### SOURCE MATERIAL
......

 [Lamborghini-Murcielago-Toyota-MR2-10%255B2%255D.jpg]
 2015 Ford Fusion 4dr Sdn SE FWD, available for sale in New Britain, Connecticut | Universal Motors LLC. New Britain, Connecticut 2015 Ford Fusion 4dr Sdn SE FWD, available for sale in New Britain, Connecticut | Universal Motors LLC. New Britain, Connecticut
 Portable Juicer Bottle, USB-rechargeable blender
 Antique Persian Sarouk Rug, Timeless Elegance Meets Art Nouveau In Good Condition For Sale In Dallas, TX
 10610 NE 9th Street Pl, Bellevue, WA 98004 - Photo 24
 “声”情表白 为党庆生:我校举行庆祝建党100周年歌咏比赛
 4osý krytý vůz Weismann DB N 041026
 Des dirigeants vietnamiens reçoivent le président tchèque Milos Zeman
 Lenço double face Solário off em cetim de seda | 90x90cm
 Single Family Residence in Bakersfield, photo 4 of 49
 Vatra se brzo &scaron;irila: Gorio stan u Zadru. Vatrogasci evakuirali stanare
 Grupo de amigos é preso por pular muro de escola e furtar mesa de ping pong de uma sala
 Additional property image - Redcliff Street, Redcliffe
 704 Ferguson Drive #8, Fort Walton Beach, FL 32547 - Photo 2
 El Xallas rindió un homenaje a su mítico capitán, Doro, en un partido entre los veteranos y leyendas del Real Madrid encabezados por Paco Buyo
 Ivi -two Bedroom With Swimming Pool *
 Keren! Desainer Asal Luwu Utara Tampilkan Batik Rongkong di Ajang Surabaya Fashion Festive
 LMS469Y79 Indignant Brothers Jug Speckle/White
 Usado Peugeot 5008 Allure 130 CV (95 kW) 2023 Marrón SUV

......

Copy out exactly the lines that run from the one holding "704 Ferguson Drive" through the end of the data above.

### SOLUTION TO THE PROBLEM
 704 Ferguson Drive #8, Fort Walton Beach, FL 32547 - Photo 2
 El Xallas rindió un homenaje a su mítico capitán, Doro, en un partido entre los veteranos y leyendas del Real Madrid encabezados por Paco Buyo
 Ivi -two Bedroom With Swimming Pool *
 Keren! Desainer Asal Luwu Utara Tampilkan Batik Rongkong di Ajang Surabaya Fashion Festive
 LMS469Y79 Indignant Brothers Jug Speckle/White
 Usado Peugeot 5008 Allure 130 CV (95 kW) 2023 Marrón SUV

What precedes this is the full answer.